Many of us will begin 2008 with noble expectations of self-betterment. With diet ads abound making every American regret his Christmas pudding, most of us will attempt to eat "better" and lose weight. Others will promise themselves to exercise more, spend less money, or quit smoking. Some will become seekers, hoping to find a better job, true love, or fulfillment in one's daily life. But by February, the winter doldrums will set in, and most of us will forgo the treadmill, buy a $12 full-spectrum lightbulb to ease Seasonal Affective Disorder, and plop down on the couch at home, alone, with a pint of Ben & Jerry's and an ashtray full of cigarette butts.

This sad relapse is the New Year's Burn-Out, the result of American society's go-go attitude of self-deprivation toward self-betterment. By going cold-turkey on holiday indulgences, we become wrapped up in a pattern of denying ourselves the very things that made us so jolly all December long. Many of these things became our crutches for Holiday Survival (mulled wine to ease awkward cocktail party conversation; Christmas cookies and sugar plums helped to stave off hunger while waiting for holiday meals; a cigarette taken outside to escape family arguments around the table). But come January 1, we are compelled to deny ourselves all of the wonderful foods we discovered during the holidays in the vain attempt to achieve perfection in the New Year and become conquerors of the New Year's Resolution Crapshoot.
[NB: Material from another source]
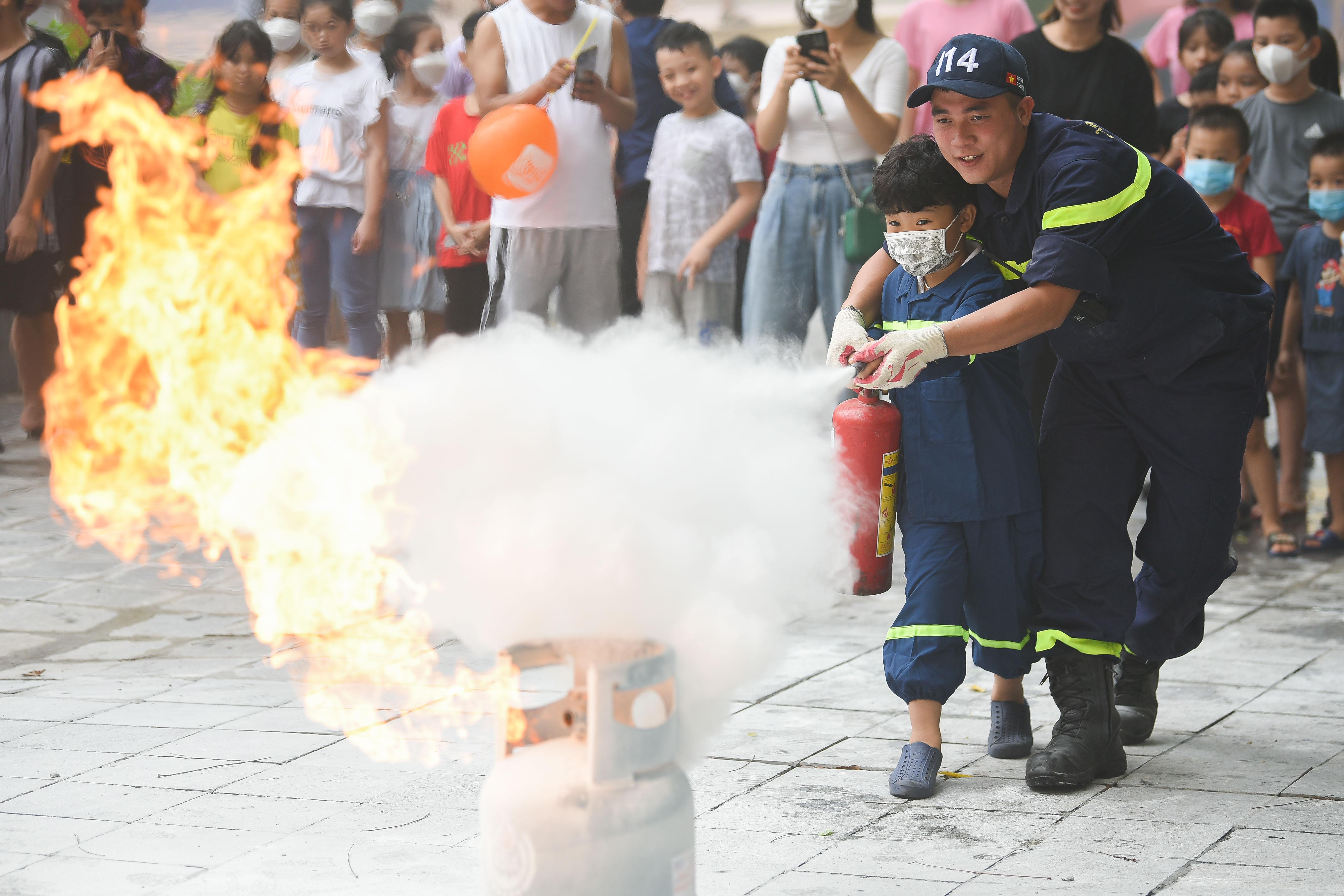 Học sinh được hướng dẫn sử dụng bình chữa cháy để dập tắt đám cháy.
Over the past few years, I have discovered something rather interesting. Like many 18-year-old-girls, I entered college with an intense fear of gaining the Freshman-15, and thus spent my first year living in New York City confined to the gym and bland salad bars, depressed and frustrated. Two years later I moved to Paris, where I spent four months without a gym and without salad bars, and I rediscovered -- of all the simple things -- the yolk of an egg. It was in Paris that I ate bread with every meal (white bread, no less), drank wine every evening, had butter smeared on almost everything, and ate chocolate every night before bed. And yet, much to the disbelief of my friends, I didn't gorge myself on croissants; all the while I lived in Paris, I had but one, and never craved the buttery patisserie. When I returned home, everyone was shocked and concerned: I had lost a considerable amount of weight without realizing it.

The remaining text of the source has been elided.